I studied the answers presented and then compared them to my scanner which can scan to PDF or can scan to image (typically JPEG). I found the following:
- Typically scanners work at 300 DPI, sometimes higher at 600 DPI or lower at 150 DPI
- The scanned images are typically full 24 bit RGB color (8 bits per band) and are typically compressed as JPEG
- PNGs, however, are typically used for digital drawings and are typically 8-bit with a palette
- PDFs are typically multi-page, whereas PNG and JPEG are typically a single page
When converting from PDF to PNG we have to ask ourselves whether we want to use the default 300 DPI or whether we want to resample the image at a higher resolution 600 DPI or lower resolution 150 DPI. We also have to ask ourselves if the PDF contains photos and therefore we need 24-bit images, i.e. png16m
. Alternatively, if the PDF just contains digital documents, predominantly black and white text but may contain a limited number of colors, then, an 8-bit image format is sufficient, i.e. png256
. We also need to ask ourselves whether we want to have access to multiple pages or are content with one page.

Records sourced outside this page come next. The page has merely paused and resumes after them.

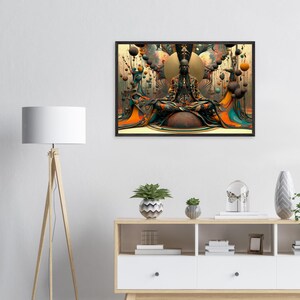 Arte de parede emoldurada afrocentrada, Selah, impressão de arte de meditação negra, decoração espiritual afro-americana, pronta para pendurar. imagem 3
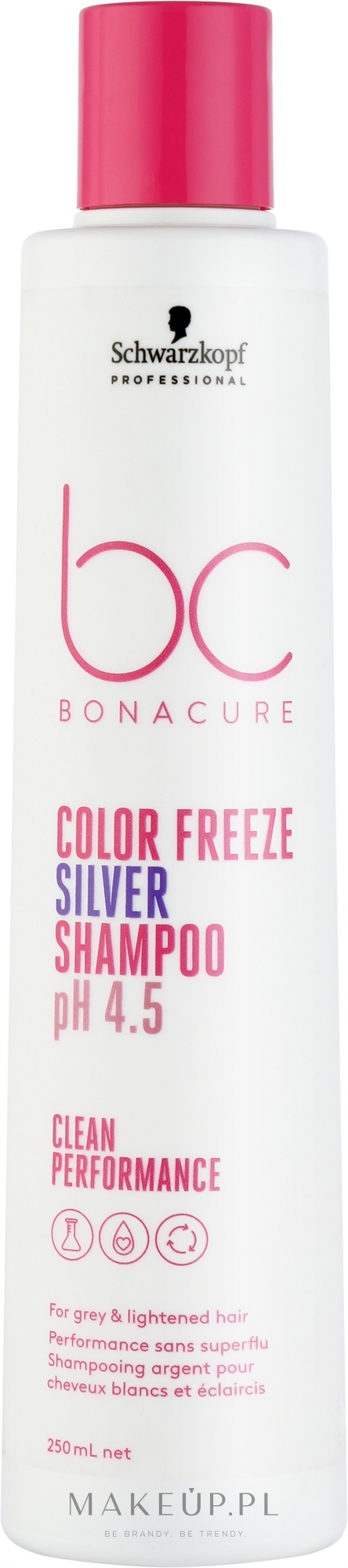 Szampon do włosów siwych i rozjaśnionych - Schwarzkopf Professional Bonacure Color Freeze Silver Shampoo pH 4.5 — Zdjęcie 250 ml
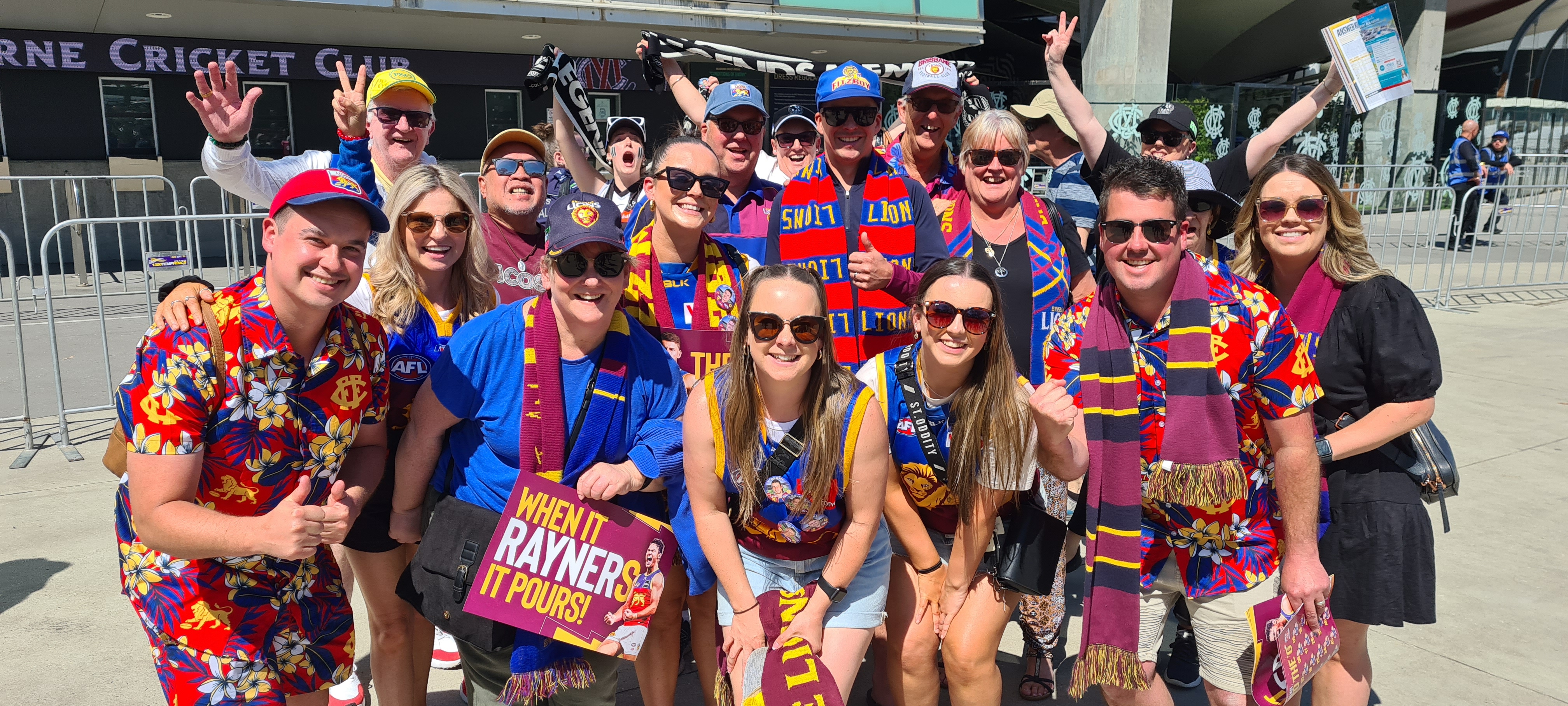 A group of Brisbane Lions fans.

For the rest of the answer, I will assume 300 DPI and digital documents that do not contain photos, i.e. 8-bit format (or 256-color format).

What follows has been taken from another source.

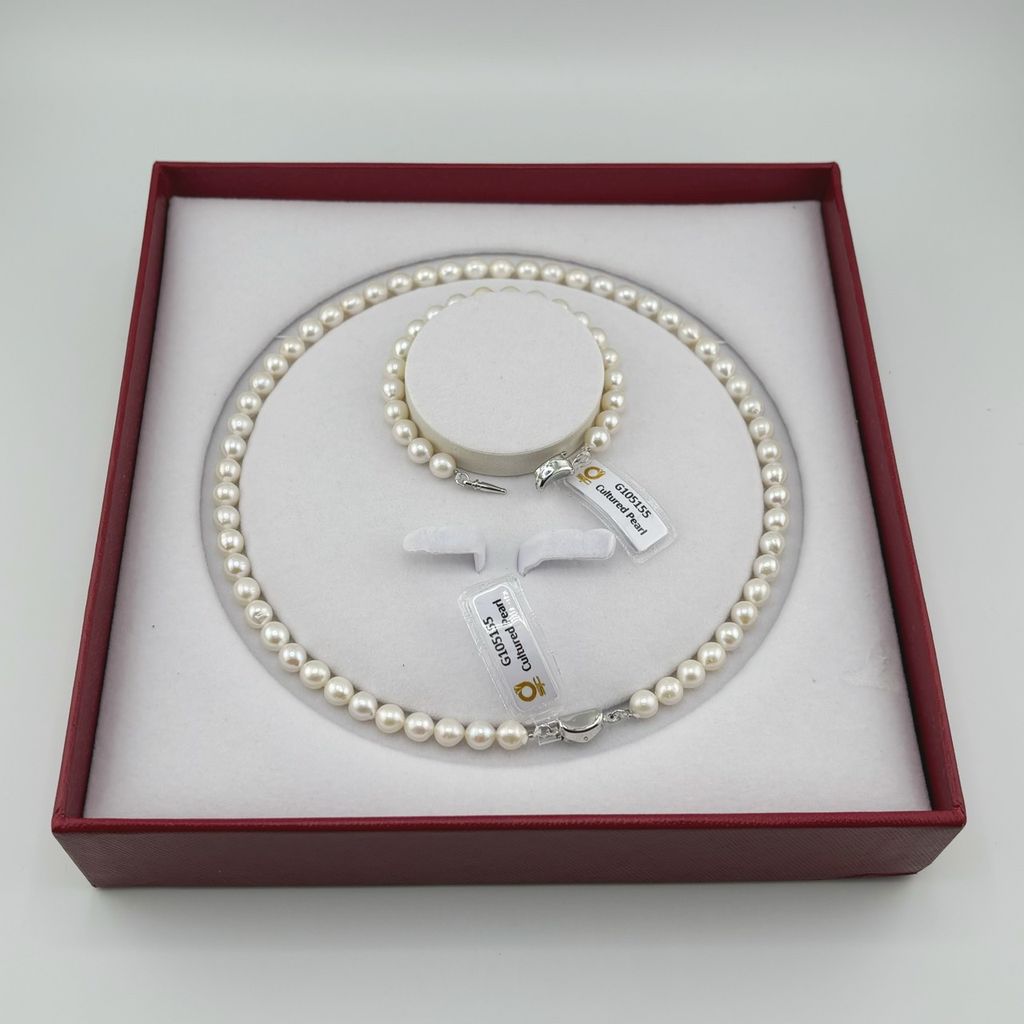 Set Bộ Trang Sức Ngọc Trai Tròn Tự Nhiên Hạt Đẹp 6-7mm Gồm Vòng cổ và Vòng Tay MADAME HIEN PEARLS SCT017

For a single page extraction, I determine the parameters need to be PDF
, PNG
, and PAGENO
:
#!/bin/bash
# Usage: pdf2png.sh input.pdf output.png pageno
PDF=$1
PNG=$2
PAGENO=$3
FORMAT=png256 # png16m png16 pngmono
DPI=300 # 600 150
cmd=(gs)
cmd+=(-dNOPAUSE)
cmd+=(-q)
cmd+=(-sDEVICE=${FORMAT})
cmd+=(-r${DPI})
cmd+=(-dBATCH)
cmd+=(-dFirstPage=${PAGENO})
cmd+=(-dLastPage=${PAGENO})
cmd+=(-sOutputFile=${PNG})
cmd+=(${PDF})
${cmd[@]}
For a multiple-page extraction, I determine the parameters need to be PDF
and DIR
:
#!/bin/bash
# Usage: pdf2pngs.sh input.pdf outputdir
PDF=$1
DIR=$2
FORMAT=png256 # png16m png16 pngmono
DPI=300 # 600 150
mkdir -p ${DIR}
cmd=(gs)
cmd+=(-dNOPAUSE)
cmd+=(-q)
cmd+=(-sDEVICE=${FORMAT})
cmd+=(-r${DPI})
cmd+=(-dBATCH)
cmd+=(-sOutputFile=${DIR}/'p%d.png')
cmd+=(${PDF})
${cmd[@]}
To join the pages back together to PNG, we can make use of ImageMagick convert
as follows:
#!/bin/bash
# pngs2pdf.sh dir output.pdf
DIR=$1
PDF=$2
convert ${DIR}/*.png ${PDF}